SOURCE DATA
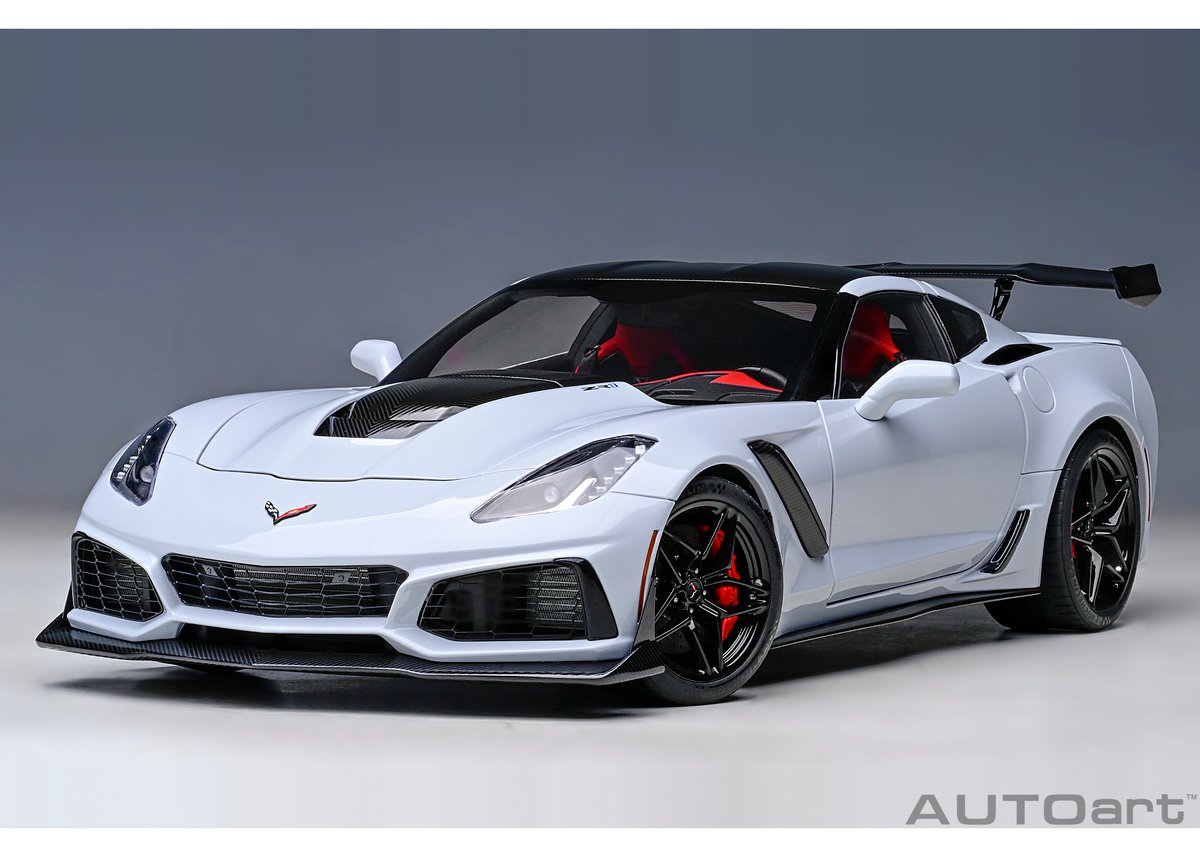 AUTOart 1/18 シボレー コルベット （C7） ZR1 （グレー・メタリック
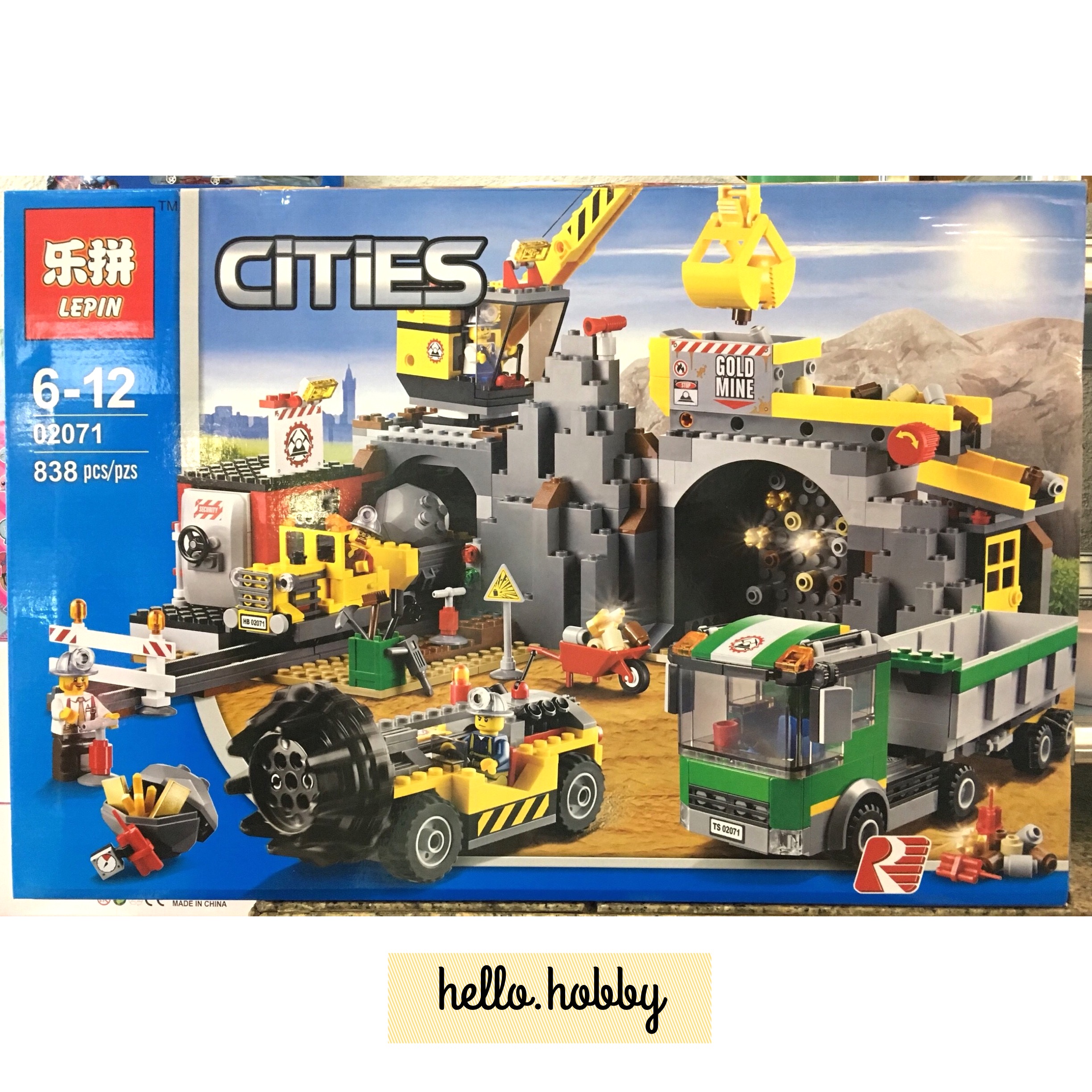 Lepin 02071 The Mine 838pcs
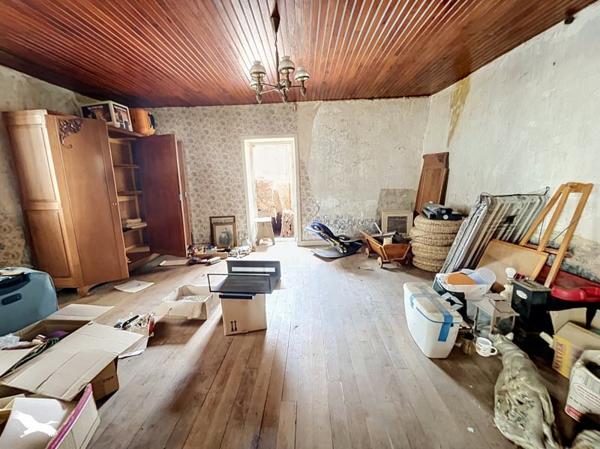 Maison à vendre 60 000 € Ussac 4 p 90 m² DPE
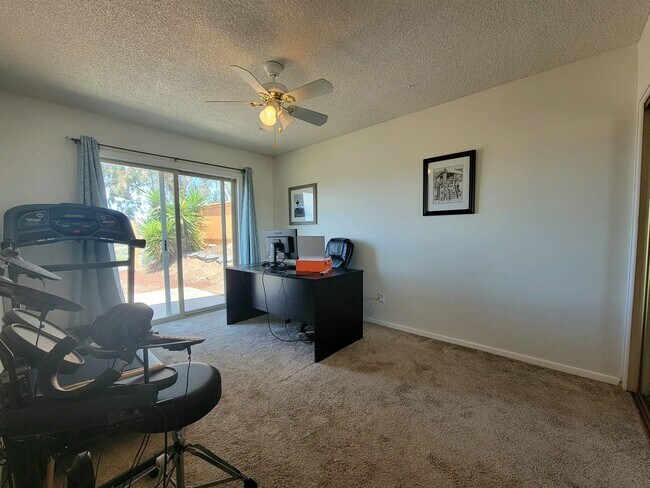 Building Photo - Darling, Move-In Ready Home in Highly Sought After Neighborhood w/ a Great View!!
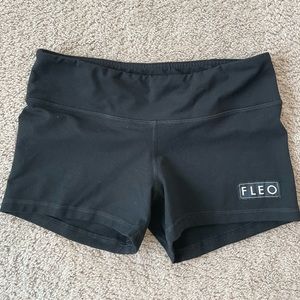 Fleo Large single-lined spandex.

WHAT YOU SHOULD DO
Only an exact copy of the lines from the one with "Lepin 02071 The Mine 838pcs" through the last line of the data above is wanted, and no pictures.

RESPONSE TO THE EXERCISE
 Lepin 02071 The Mine 838pcs
 Maison à vendre 60 000 € Ussac 4 p 90 m² DPE
 Building Photo - Darling, Move-In Ready Home in Highly Sought After Neighborhood w/ a Great View!!
 Fleo Large single-lined spandex.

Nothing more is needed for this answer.